When Kids Don’t Want to Take Medication for ADHD, Anxiety or Depression
Many kids and teens – especially those with ADHD, anxiety, and depression – do not want to have to rely on medication, and they’d rather not take it. What do you do when your kid doesn't want to take medication?
So we've gotten a bunch of different questions that are all related to the issue of: what if my kid doesn't want to take meds, what if my kid just stopped taking his meds and I don't know what to do or my kid won't take the meds and we're in a battle about it right. So lots of issues around kids have been prescribed a medication, they've been taking it for a while or maybe they haven't yet and now they don't want to or they don't want to start.
Well and part of this is going to be a little bit age specific but through the whole process, you want to try to be giving your child as much control and involvement in the process as they can reasonably manage.

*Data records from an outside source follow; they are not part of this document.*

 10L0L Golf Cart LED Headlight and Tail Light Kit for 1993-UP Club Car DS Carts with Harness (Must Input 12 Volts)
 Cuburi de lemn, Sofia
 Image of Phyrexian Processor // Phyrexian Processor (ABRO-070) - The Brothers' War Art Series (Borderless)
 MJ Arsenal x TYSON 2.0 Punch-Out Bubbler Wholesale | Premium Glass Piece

And I'm going to challenge us to push it a little further than we would naturally because a lot of times we'll go, "oh no, my child has to take their medication," and the reality is that it really may help them to take the medication, but if they're not involved in that process and in that decision making their buy in is going to be completely different.
Well you know the ultimate goal here right, is these kids have a chronic medical condition that they're going to need to manage throughout their life and so part of our job here is teaching them to become their own medical manager. So we want to help them become aware of, how do I feel when I'm on it, what is the benefit to me of taking this med, what are the side-effects or downsides of taking it so that their part of the decision making process, even if they're too young to make the decision on their own, you want them to feel like they have a voice because we want them to learn to become their own decision makers.

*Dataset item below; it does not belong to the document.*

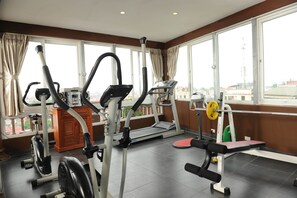 Fitnessbereich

Well and I think that, that's the piece of it is that there are times as parents we're going to say, nope we're the parents we set the rules and there are times that they're we're going to say, well no, you can try this and hold them accountable for what happens if they try it and its not successful; and what does success look like and those sorts of things.

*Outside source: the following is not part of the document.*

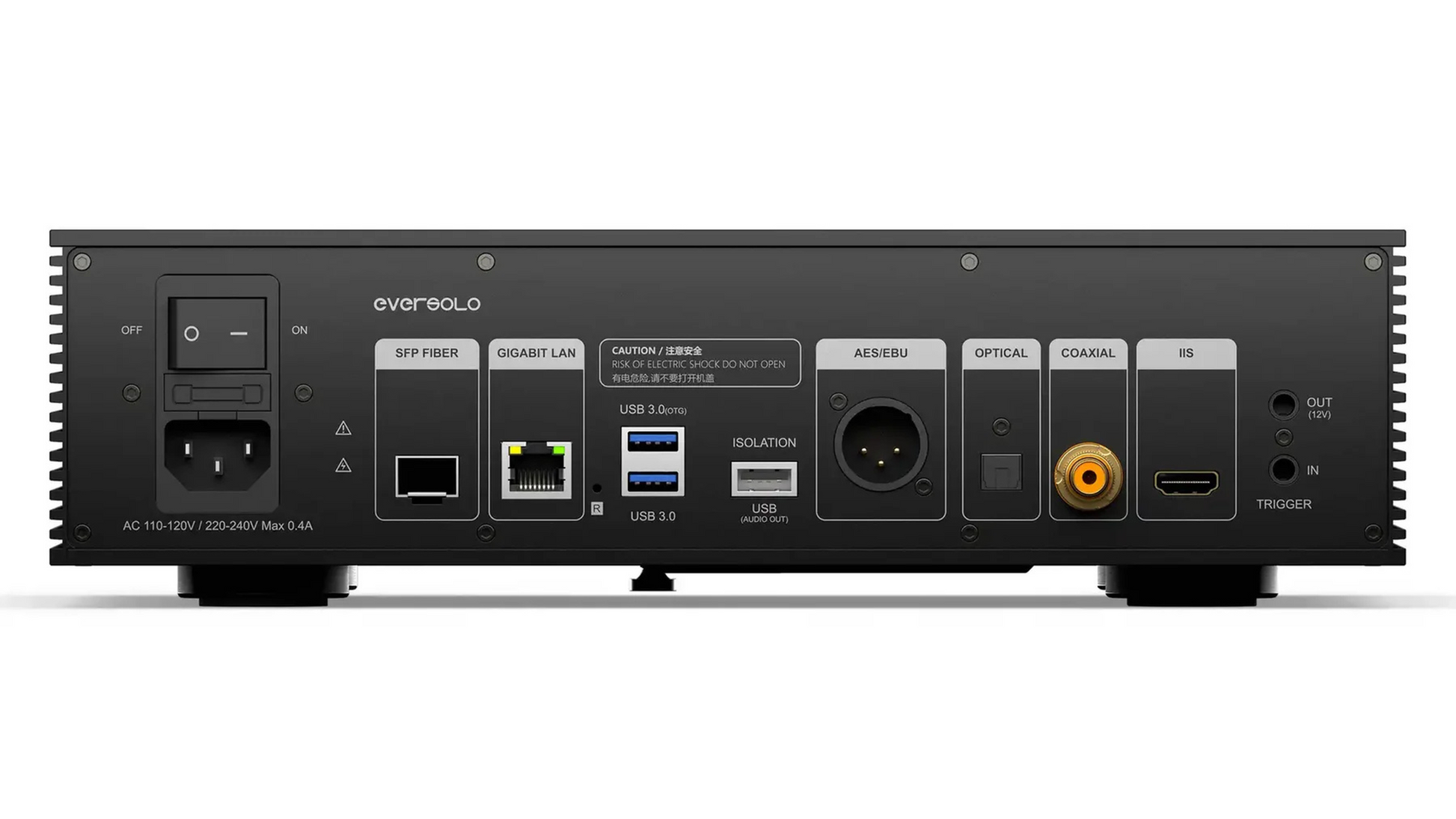 EverSolo T8 - Streaming Transport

And the other thing I would add is that a lot of this comes down to a feeling, a sense of control. A lot of our kids feel out of control for a lot of reasons and medication is one more thing that's sort of done to them or at them. And So oftentimes in those pre-teen years especially and through teen years – They want control and so if we give it to them and be in conversation with them about it instead of resisting it, and saying, no you have to, it may take a little bit longer for them to land in a safe easy relationship with it; but then it will be theirs.
And a thing that comes up more than anything else is about the language you use. So if you're telling them what to do, you must do this, you must do that, you get a very different conversation than, and very different reaction than if you ask questions. "Well what did you notice when this happens, and what did you notice? How did it feel? And what do you really want out of this ? And how are you going to manage your brain if you don't take in the medication?"
I was talking to a private client about this issue this week and a 14 year old boy had decided, I don't want to take the meds anymore, and so... And he's a really scientific kid – and so the conversation that she was going to have with him was, so let's talk about the scientific method, what happens when you change more than one variable at a time in a scientific experiment. So that was a way that she could connect to this kid in a way that could really resonate with him – so he could be the one saying, "well maybe I should only change one thing at a time."
So giving them that empowerment and that control makes a huge difference.
If your kid or teen does not want to take medication for ADHD, anxiety, depression, or anything else – step into curiosity and conversation. You can empower your kids to manage their life-long, chronic medical conditions by changing the conversation around medication.